公職選挙法第百四十二条は選挙運動のために頒布する文書図画を選挙用である旨を示した一定数の通常葉書に制限し、それ以外の文書図画を選挙運動のために頒布することを禁止したものである。従つて、選挙運動のためにするのでなければ同条の禁止にふれないことは云うまでもない。そうして同条に云う選挙運動とは一定の公職につき一定の公職の候補者を当選させるためにその候補者に投票を得させるに有利な行為をなすことを云うのであつて、一定の候補者を落選させるためにする行為は同条に云う選挙運動ではない。次に同法第百四十六条は右法条の脱法行為を禁止する趣旨、すなわち、外見上選挙運動のためでないような文書図画を、その外見に藉口して、第百四十二条の制限外に頒布し、以つて選挙運動の目的を不法に達することを禁止するものと解すべきである。故に頒布行為が同条に違反すると云うがためには、一定の公職の候補者を当選させる目的(文書自体に明にあらわれていない目的)がなければならない。かく解して本件の起訴状を見ると、これには昭和二十七年十月五日施行の安平村教育委員選挙に際して立候補した山本原二の名を山本医師と表示した「悪質ボスを村にはびこらすな!」と題する印刷物多数を頒布した旨記載されているが、右の頒布行為が山本候補者の当選を目的としたものでないことは右の記載自体によつても明かである。然らば何人の当選を目的としたものであるか、起訴状にはこの点につき明確な記載はなく、またこれを推知させる記載もない。本件の起訴状の訴因の記載は不十分と云わねばならぬ。この点を釈明して被告人の防禦にも遺憾なからしめた上でなければ判決はできないわけである。記録を調査すると、原審はこの点を不問に付したまま審理し、判決にもこの点につき何等判示するところがないのであつて、右は該当法案の解釈適用を誤つたものと云うべく、その結果判決に影響を及ぼすことが明かである。論旨は結局理由がある。

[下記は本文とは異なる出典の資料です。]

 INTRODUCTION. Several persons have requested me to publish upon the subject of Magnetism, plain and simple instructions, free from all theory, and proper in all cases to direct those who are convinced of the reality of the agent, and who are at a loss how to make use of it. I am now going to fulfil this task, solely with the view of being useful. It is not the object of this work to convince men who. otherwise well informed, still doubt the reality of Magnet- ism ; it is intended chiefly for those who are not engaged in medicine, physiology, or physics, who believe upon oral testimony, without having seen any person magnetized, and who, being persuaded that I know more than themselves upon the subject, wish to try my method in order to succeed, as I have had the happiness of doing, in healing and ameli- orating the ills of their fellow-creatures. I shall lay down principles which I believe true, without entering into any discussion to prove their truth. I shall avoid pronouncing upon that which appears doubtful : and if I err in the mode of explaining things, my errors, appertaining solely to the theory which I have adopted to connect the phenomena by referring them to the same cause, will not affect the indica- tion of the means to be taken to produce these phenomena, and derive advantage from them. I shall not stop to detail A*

よつて、各被告人の控訴の趣意に対する判断を省略して、刑事訴訟法第三百九十七条第三百八十条第四百条本文に従い主文のとおり判決する。
(裁判長判事 熊谷直之助 判事 成智寿朗 判事 笠井寅雄)
弁護人坂谷由太郎の控訴趣意
原判決を破棄して相当の御裁判を求める。原判決は法令の適用を誤り破棄さるべきものである。
原判決に罪となるべき事実として「被告人等は昭和二十七年十月三日頃勇払郡安平村字早来市街地に於て、多数人に頒布した『悪質ボスを村にはびこらすな』と題するビラには判決理由挙示一、二の記載があつた」旨を指摘している。

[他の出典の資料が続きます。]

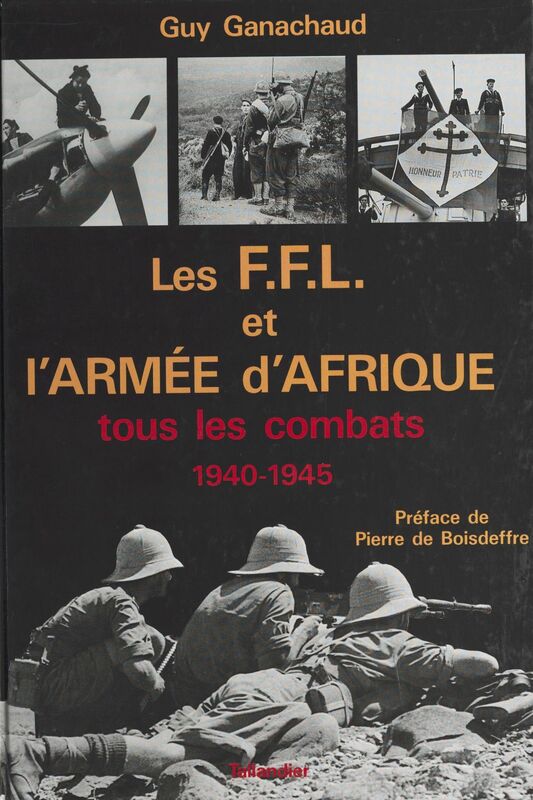 Les FFL et l'armée d'Afrique : tous les combats (1940-1945)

而して右一の事実は公職選挙法第一四六条に違反するものとし二の事実を以て名誉毀損罪に該当するものと判決した。右一、二挙示の事実が仮りに存在するものとしても、先づ一の事実に付いていえば、前記法第一四六条は公職選挙法「第十三章選挙運動」の一条規であるから該条規違反には常に「選挙運動」の前提事実を要因とするものなる処被告人等の本件頒布行為は所謂選挙運動のためであつた事については何等判示されていないし又其事実もない、恰度日日の新聞紙上に選挙、立候補の氏名を各欄に表示掲載したると少しも変らない。

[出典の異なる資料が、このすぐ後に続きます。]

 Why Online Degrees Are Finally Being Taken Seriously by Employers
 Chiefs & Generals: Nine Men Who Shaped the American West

元来右法第一四六条の違反事項の内容である法第一四二条は同法律が発布された昭和二十五年四月十五日に、廃止されて且右法律に吸収された「選挙運動の文書図画等の特例に関する法律」(昭和二十二年三月十七日法律第十六号)の趣旨、精神を継ぐものであつて右廃止法律は当時用紙其他資材の不足極めて窮迫していた経済事情の下に行われた選挙を最も適正公平ならしめる目的を以て制定されたものであるから前記法第一四六条は選挙運動行為を主眼対象としたものである。原判決は被告人等の頒布行為を以て直接単純に同法違反と断じたるは法令の適用を誤つたものと謂わなければならない。尚立候補山本原二の名を「山本医師」と表示したと謂うも之れは夫れなればこそ立候補に関係なく医者としての一般的身分、他に関連する事項に付社会事象として掲載したに過ぎないもの。共産党員は其奉ずる思想の普及宣伝に付き、あらゆる機会と便宜を捕うるに敏であつて本件行為は是等行為の一環であり其の一斑である時偶々教育委員選挙期間中であつたために誤解を受けたもので、又右選挙期間は即ち右機会であつた。
此事は本件押収ビラ(記一、二、三)全文を通じて読取れる処である。次に二の事実は決して人の名誉毀損には該らない。「メカケを囲つていると言われる赤塚」は断定的でないから事実の摘示とはならないし又赤塚なる者の名誉を毀損する認識はない。原判決は被告人等が前記ビラ頒布によつて赤塚の名誉毀損されることの認識を有したるやに就いて何等判断していない。要するに之れ位の記事報導は日常新聞に散見され別に異とされない。(憲法保障の表現の自由の範囲を超えない。)